Saturday, February 10, 2007

Windows, Mac, and Open Source...the clear winner?

Windows expert to Redmond: Buh-bye Scot Finnie says "sayonara" to Windows, but his search for Mac software continues: If you give the Mac three months, as I did, you won't go back either. The hardest part is paying for it -- everything after that gets easier and easier. Perhaps fittingly, it took me the full three-month trial period to pay off my expensive MacBook Pro. But the darn thing is worth every penny (ComputerWorld)

I have no intention of inflaming the Mac/PC wars. Frankly they were fought and won for the most part in the late 1990s as the author is still discovering. My biggest complaint about the Macintosh is the sheer cost of the hardware. A pretty stripped down dual-core Mac will run you close to $2500. A similar Intel or AMD machine will cost you $1000 or less and, in fact, many of those machines will have more hardware in the box than a Mac.

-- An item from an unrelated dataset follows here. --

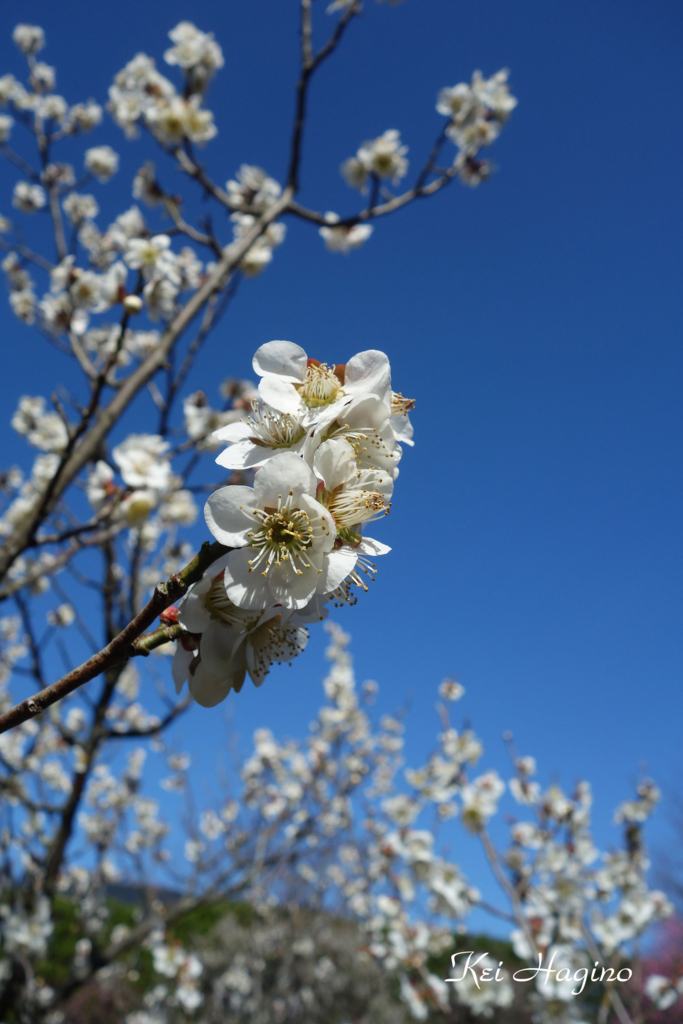 f:id:kyotomichi:20180310202831j:plain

If you don't want to move to Vista, a decision that is not a trivial one, nor is it one I would encourage anytime soon, there are plenty of open source operating systems that will give you the look and feel of the Mac, without the burden of Windows (but with the ability to virtualize Windows just like on a Mac for those one or two programs that just won't run on any other system and for which there is no good substitute) and with the same levels of hardware support. The Mac runs a derivative of BSD, a UNIX based operating system. Linux is also a UNIX based operating system. So if you are considering converting to the Mac, save yourself the money and go open source. In the long run, you will be much happier.